Jared Lane K. Maeda, PhD, MPH; Rachel Mosher Henke, PhD; William D. Marder, PhD; Zeynal Karaca, PhD; Bernard S. Friedman, PhD; and Herbert S. Wong, PhD
Greater geographic variation was found among private than public payers in the inpatient price per discharge for most hospital services.
We adjusted for patient, population, and market-level characteristics in our models. We derived from the SID patient characteristics that included age, sex, comorbidities, and an all-patient refined diagnosis-related group (APR-DRG) disease severity measure. Patient characteristics were included to adjust for disease severity.5,8,20 From the US Census Bureau, we obtained population characteristics that included the Gini index, unemployment rate, and proportion of the population with a bachelor’s degree. We derived market characteristics from the American Hospital Association Annual Survey and Area Resource File that included proportion of teaching and specialty hospitals, number of primary care physicians per capita, and number of acute care beds per capita. The selected population and market characteristics were included to adjust for factors that have been previously described as influencing hospital price setting.5,8,17

We first examined the means and distributions of our sample and calculated the correlation in price per discharge among payers using Pearson’s correlation. Medicare and private insurance results were examined as scatter plots. Our empirical approach used an ordinary least squares regression (OLS) model with robust standard error—analyzed separately by payer—to estimate the relationship between market competition and inpatient price per discharge. In the multivariate analysis, we used the log of price per discharge to focus on percentage of payment as opposed to the specific dollar amount. We adjusted our models to account for areas with a small number of discharges by including the standard error of price per discharge in the regressions and weighted the county by the number of discharges by payer. State dummy variables were included to account for differences between states.

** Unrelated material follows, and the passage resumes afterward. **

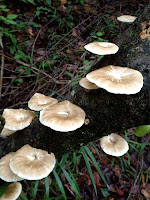 mushroom Kampong Pudak in Kota Batu Brunei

As a sensitivity analysis, we re-estimated our linear models using a robust regression with Huber weighting to assess the validity of our results. The robust regression uses iteratively reweighted least squares and assigns a weight to each observation with higher weights given to better behaved observations.21 We report results from both the OLS and robust regression models.

RESULTS

Descriptive Analyses


The average prices per discharge by payer are represented in 2012 dollars (Table 1). Results revealed that the average price per discharge for private insurance was nearly twice as high as for Medicare across each of the different types: all discharges ($7628 Medicare vs $13,713 private insurance; P <.0001), AMI discharges ($11,000 Medicare vs $23,485 private insurance; P <.0001), and knee arthroplasty discharges ($10,824 Medicare vs $21,098 private insurance, P <.0001). Among all discharges for Medicare, the price per discharge in the county with the highest rate was more than 4 times higher than the price in the county with the lowest rate ($13,776 vs $3300). For private insurance, the price per discharge among all discharges in the county with the highest rate was nearly 51⁄2 times higher than that of the county with the lowest rate ($30,071 vs
$5508) (data not shown). The coefficient of variation, which is a measure of dispersion, was also higher for private payers than for Medicare across all conditions, except knee arthroplasty.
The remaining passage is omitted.